PULLMAN — Wendy C. Brown, a professor and veterinary immunologist in Washington State University’s Department of Veterinary Microbiology and Pathology, has received a grant of nearly $1.9 million from the National Institutes of Health.

Brown will use the five years of uninterrupted funding lasting through May 2013 to continue her internationally recognized studies of immunity to transport systems related to the disease-causing capabilities of Gram negative bacteria.  Her work will be part of the landmark effort included in the $25 million Bill and Melinda Gates Foundation funded School for Global Animal Health at WSU. 

This recent funding comes through the National Institute of Allergy and Infectious Diseases of the NIH.  This is Brown’s fourth successful NIH grant.

“Dr.

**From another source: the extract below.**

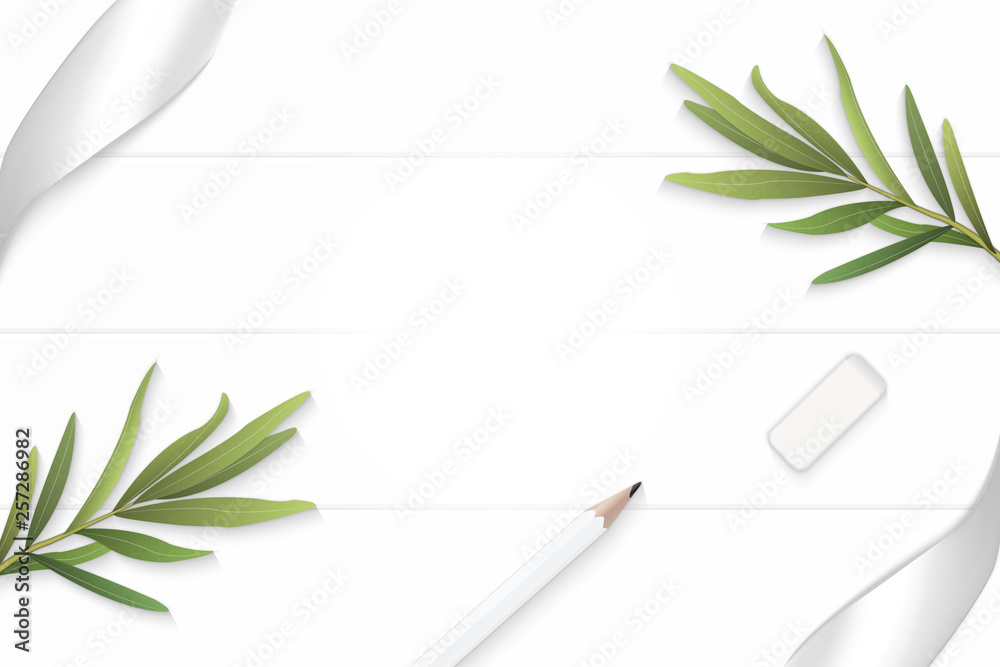 Flat lay top view elegant white composition silver ribbon pencil eraser tarragon leaf on wooden floor background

Brown’s acquisition of a major grant from NIH in today’s funding climate documents the international regard for her world class leadership in animal infectious disease research,” said David Prieur, professor and chair of the WSU Department of Veterinary Microbiology and Pathology.  “This grant builds on her past successes and will have a major impact on the prevention of infectious diseases of animals worldwide while at the same time moving forward WSU’s extraordinary animal health research program.”

Disease-causing organisms can have several systems for transporting various substances, most notably proteins, across cell membranes and into a host cell.  Transportation of these colloquially termed “molecules of virulence,” into a host cell is in part what makes an organism so infectious and leads to disease. 

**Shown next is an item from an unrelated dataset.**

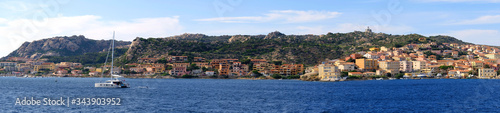 Fototapeta Naklejka Na Ścianę i Meble -  La Maddalena, Sardinia, Italy - Panoramic view of La Maddalena archipelago Tyrrhenian Sea coastline with La Maddalena island beaches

Brown and her co-workers study a microorganism that is known to be among the most costly causes of cattle disease worldwide.  The specific bacterium under study is Anaplasma marginale and is carried by ticks.  Australian authorities place the cost of anaplasmosis (an-uh-plaz-MO’-sis) worldwide at more than $500 million annually.

The disease-causing organism is a rickettsia (rih-KETT’-see-uh), a bacteria that must invade, grow and reproduce inside normal cells in order to produce disease.  This cycle is similar to the requirements needed by viruses to cause disease.

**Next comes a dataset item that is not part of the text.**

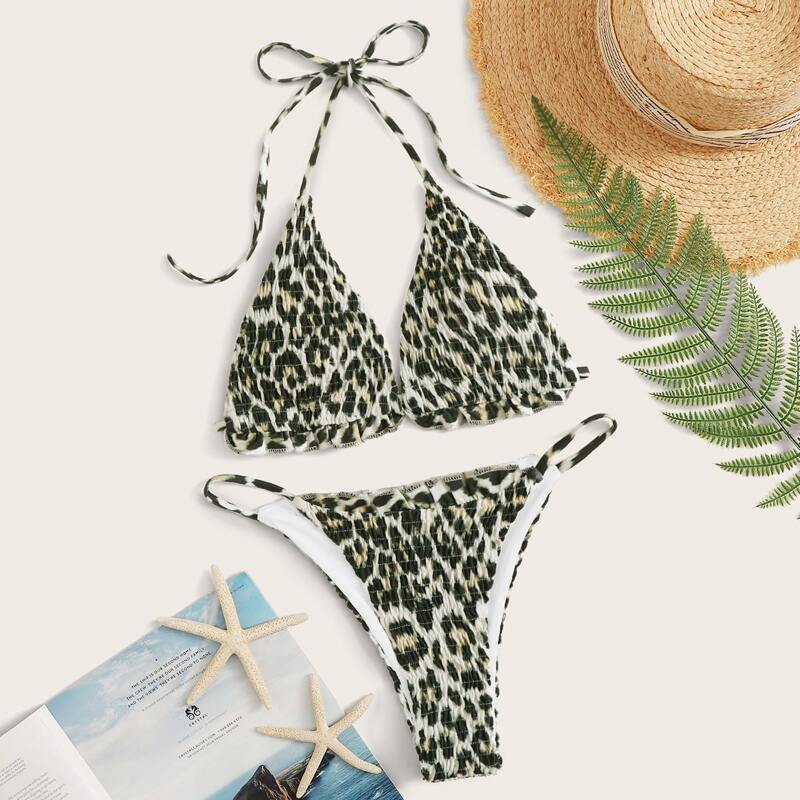 

Leopard Smocked Triangle Top With High Cut Bikini, Multicolor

Typically, an animal’s body will detect and build antibodies against many invading organisms thereby providing the animal with some level of immunity.  Vaccines work by provoking the immune system to respond to a challenge (the vaccine) and create immunity within an inoculated animal.  In most cases, the chemicals that trigger immune system recognition are proteins, called antigens that are on or in the invading microorganism.  The immune response can occur from a number of immune system cells and subsequent immunity is most often provided by proteins called antibodies.

Brown will look specifically at the response of a type of white blood cell known as a T-cell. For a number of reasons, it has been difficult to develop a cost-effective, stable vaccine for Anaplasma.  Brown and her co-workers are screening a specific group of proteins in the microorganism’s Type IV secretion system; part of the mechanism that conveys the so-called “molecules of virulence.”  Their goal is to find one or more proteins belonging to the organism that can be exploited to produce a high-quality vaccine that then provides exceptional immunity for cattle by way of the T-cells in its immune system.

Her approach is facilitated by an ability to isolate and screen quickly an incredibly large number of Anaplasma proteins for their ability to provoke an immune response.  Not only has her success to date been promising, but it has also produced crucial information for building vaccines for other rickettsia.

In 2004, Brown was awarded the Distinguished Veterinary Immunologist Award by the Veterinary Immunology Committee of the International Union of Immunological Societies.  The prestigious award is granted every three years and is considered to recognize the best veterinary immunologist in the world during that period.